Work to be completed:
Take the line containing "Colorful Shield security" and each line after it through the end of the data below, and return them exactly, minus any pictures.

Data to use:

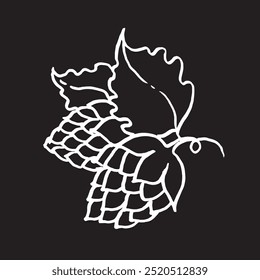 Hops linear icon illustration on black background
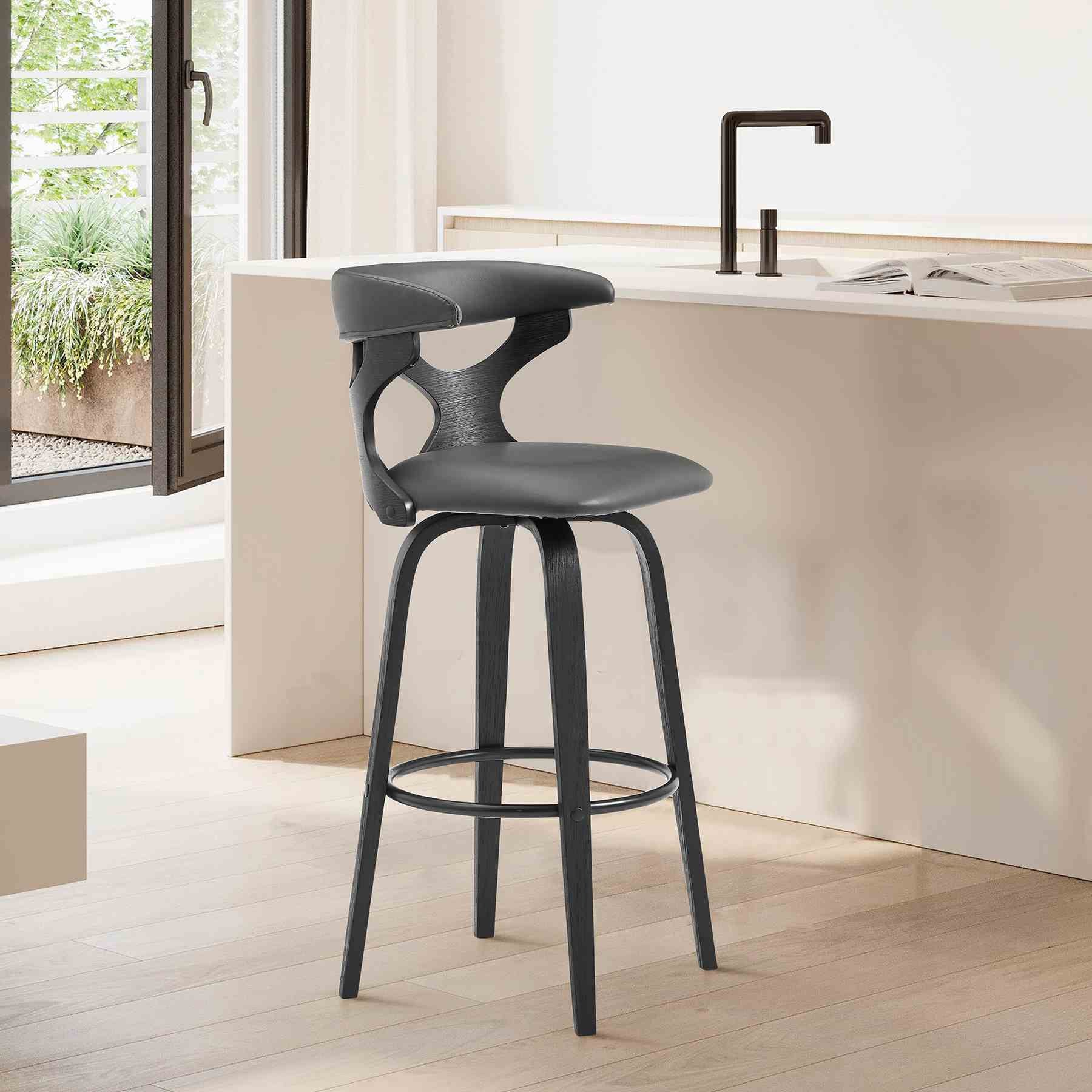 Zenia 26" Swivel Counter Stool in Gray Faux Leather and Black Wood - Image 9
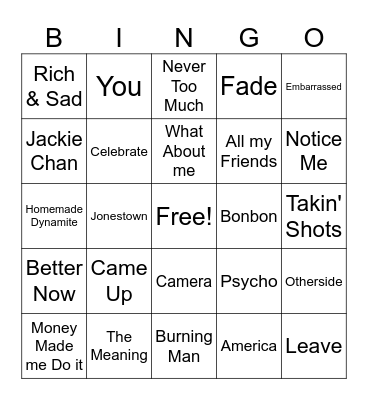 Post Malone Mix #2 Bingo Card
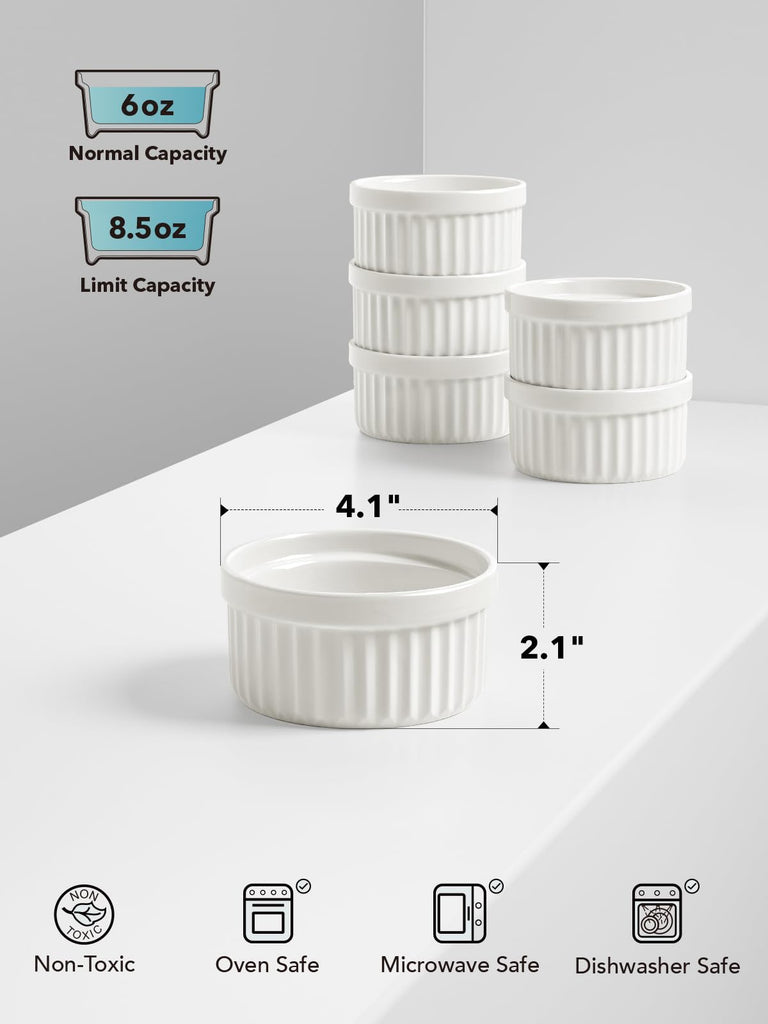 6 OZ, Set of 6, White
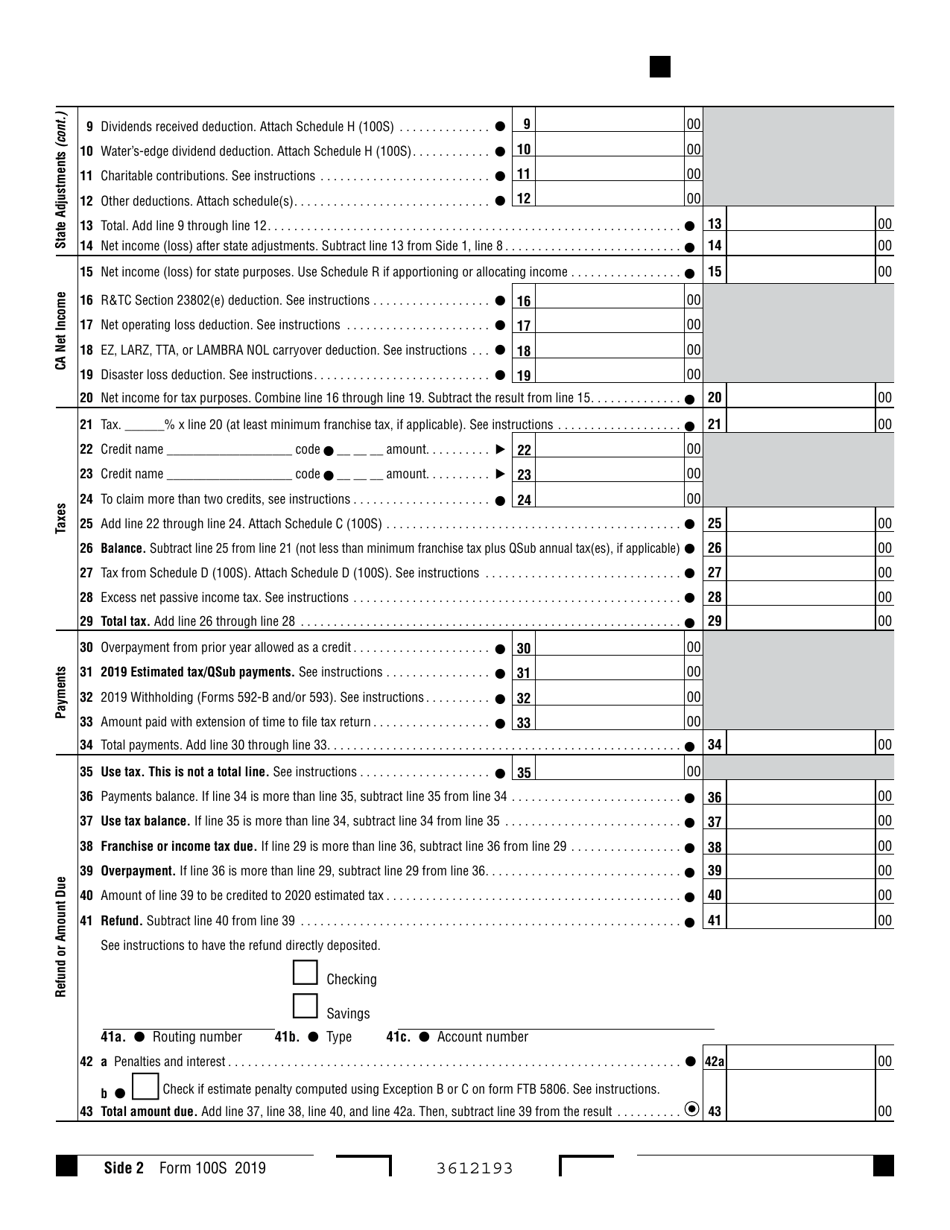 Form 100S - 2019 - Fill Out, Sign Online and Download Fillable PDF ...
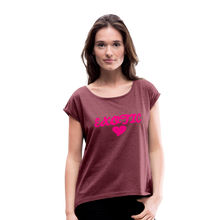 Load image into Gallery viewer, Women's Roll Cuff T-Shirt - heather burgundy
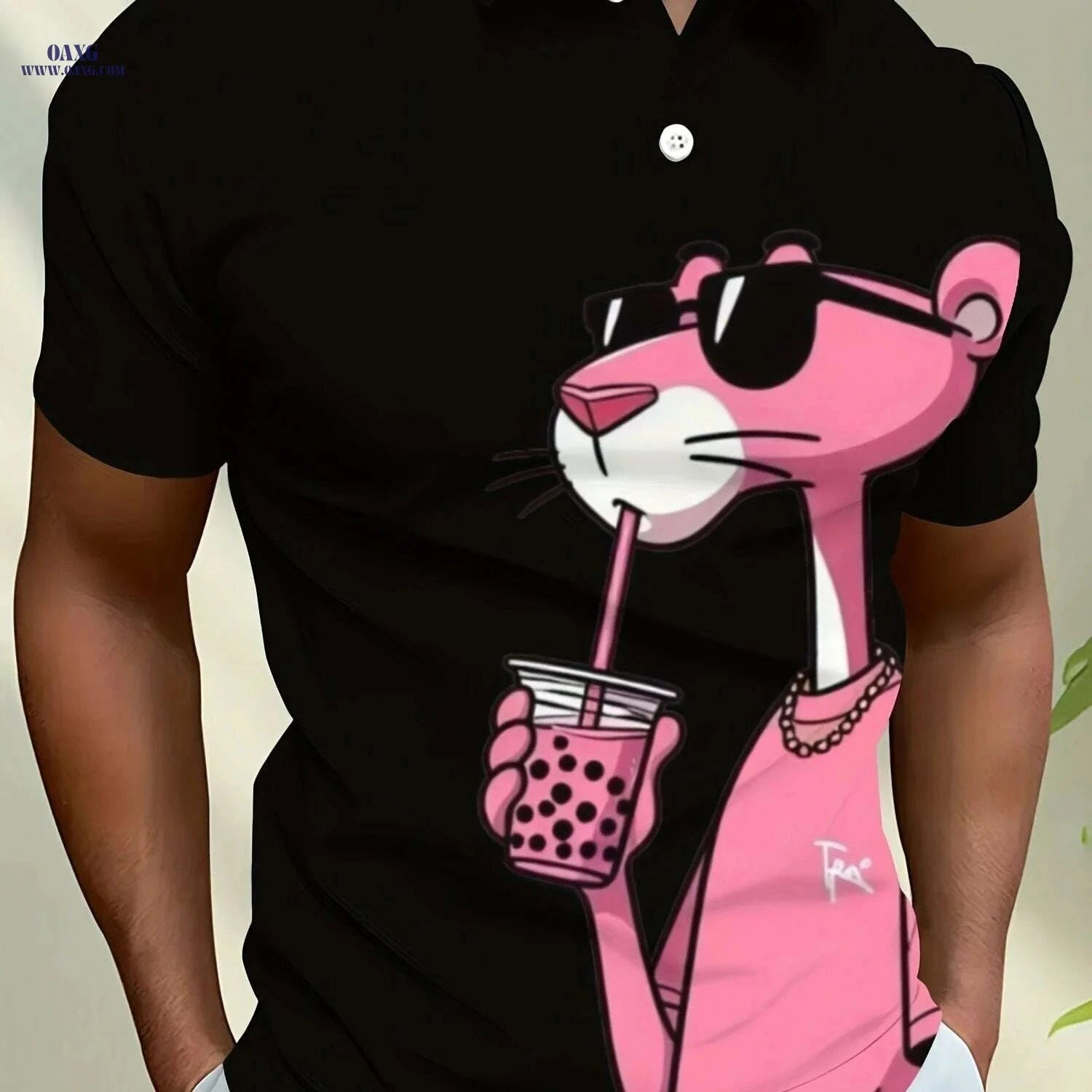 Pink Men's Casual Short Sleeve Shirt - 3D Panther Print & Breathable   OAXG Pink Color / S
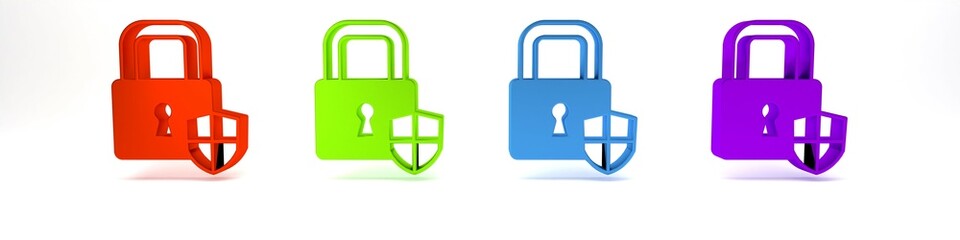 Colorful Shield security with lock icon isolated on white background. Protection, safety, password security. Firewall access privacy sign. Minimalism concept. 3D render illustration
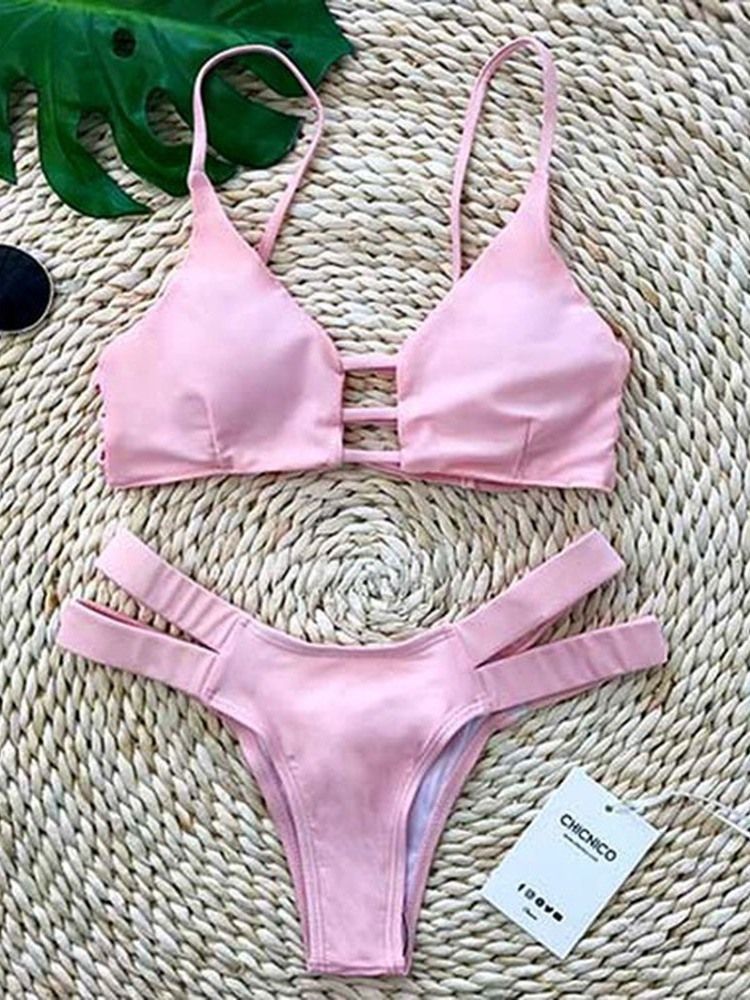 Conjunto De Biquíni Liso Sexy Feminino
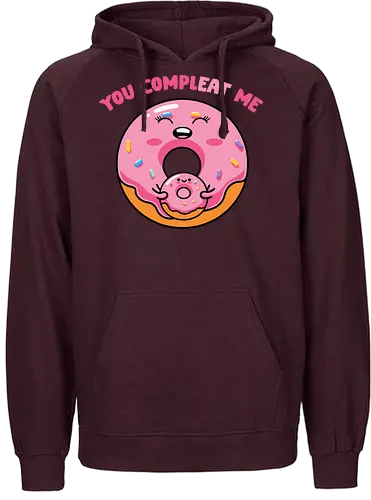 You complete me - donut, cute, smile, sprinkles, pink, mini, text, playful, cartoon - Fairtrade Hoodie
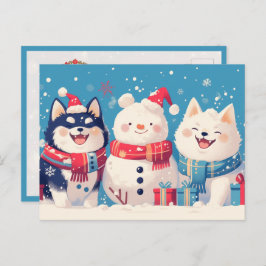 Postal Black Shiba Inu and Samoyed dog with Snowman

Result of the exercise:
 Colorful Shield security with lock icon isolated on white background. Protection, safety, password security. Firewall access privacy sign. Minimalism concept. 3D render illustration
 Conjunto De Biquíni Liso Sexy Feminino
 You complete me - donut, cute, smile, sprinkles, pink, mini, text, playful, cartoon - Fairtrade Hoodie
 Postal Black Shiba Inu and Samoyed dog with Snowman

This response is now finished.